### WHAT IS NEEDED
For each line below that holds the word "Body", make a copy.

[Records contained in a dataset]
= = = = = = =
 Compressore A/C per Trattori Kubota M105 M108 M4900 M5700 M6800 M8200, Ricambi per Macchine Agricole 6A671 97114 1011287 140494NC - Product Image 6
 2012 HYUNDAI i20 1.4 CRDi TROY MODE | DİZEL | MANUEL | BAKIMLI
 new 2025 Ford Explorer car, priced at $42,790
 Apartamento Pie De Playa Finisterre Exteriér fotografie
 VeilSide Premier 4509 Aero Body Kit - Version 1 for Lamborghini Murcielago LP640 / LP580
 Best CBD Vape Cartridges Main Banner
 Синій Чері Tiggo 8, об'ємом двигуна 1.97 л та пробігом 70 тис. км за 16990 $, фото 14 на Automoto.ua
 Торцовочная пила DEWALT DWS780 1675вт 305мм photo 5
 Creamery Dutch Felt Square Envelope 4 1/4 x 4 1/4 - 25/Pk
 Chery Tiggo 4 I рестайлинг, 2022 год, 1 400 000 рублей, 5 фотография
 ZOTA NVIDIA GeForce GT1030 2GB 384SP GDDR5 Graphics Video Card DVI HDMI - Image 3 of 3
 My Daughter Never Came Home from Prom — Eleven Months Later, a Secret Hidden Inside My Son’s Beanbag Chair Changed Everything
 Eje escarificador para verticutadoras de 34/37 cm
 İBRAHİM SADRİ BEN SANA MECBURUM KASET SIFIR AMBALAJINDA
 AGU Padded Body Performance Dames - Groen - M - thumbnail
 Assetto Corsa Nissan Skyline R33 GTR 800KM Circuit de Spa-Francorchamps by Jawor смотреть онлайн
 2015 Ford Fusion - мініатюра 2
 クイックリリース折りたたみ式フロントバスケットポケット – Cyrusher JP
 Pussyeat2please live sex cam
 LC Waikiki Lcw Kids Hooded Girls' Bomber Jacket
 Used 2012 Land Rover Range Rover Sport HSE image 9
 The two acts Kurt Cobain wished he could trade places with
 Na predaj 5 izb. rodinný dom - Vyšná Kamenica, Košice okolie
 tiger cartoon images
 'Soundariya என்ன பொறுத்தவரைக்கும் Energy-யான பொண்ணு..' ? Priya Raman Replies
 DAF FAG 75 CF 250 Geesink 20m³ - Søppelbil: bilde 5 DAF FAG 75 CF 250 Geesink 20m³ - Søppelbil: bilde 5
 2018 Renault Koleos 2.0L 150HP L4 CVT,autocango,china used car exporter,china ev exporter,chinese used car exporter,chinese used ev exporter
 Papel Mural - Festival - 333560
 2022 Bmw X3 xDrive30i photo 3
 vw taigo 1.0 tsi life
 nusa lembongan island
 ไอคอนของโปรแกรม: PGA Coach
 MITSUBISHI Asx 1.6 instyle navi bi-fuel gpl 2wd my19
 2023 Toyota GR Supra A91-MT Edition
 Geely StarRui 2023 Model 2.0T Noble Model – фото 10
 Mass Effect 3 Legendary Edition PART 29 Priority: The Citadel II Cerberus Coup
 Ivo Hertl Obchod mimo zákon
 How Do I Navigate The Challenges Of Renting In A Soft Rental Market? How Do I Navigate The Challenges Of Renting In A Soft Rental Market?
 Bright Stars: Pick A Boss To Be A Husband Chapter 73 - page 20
= = = = = = =
### SOLVED PROBLEM
 VeilSide Premier 4509 Aero Body Kit - Version 1 for Lamborghini Murcielago LP640 / LP580
 AGU Padded Body Performance Dames - Groen - M - thumbnail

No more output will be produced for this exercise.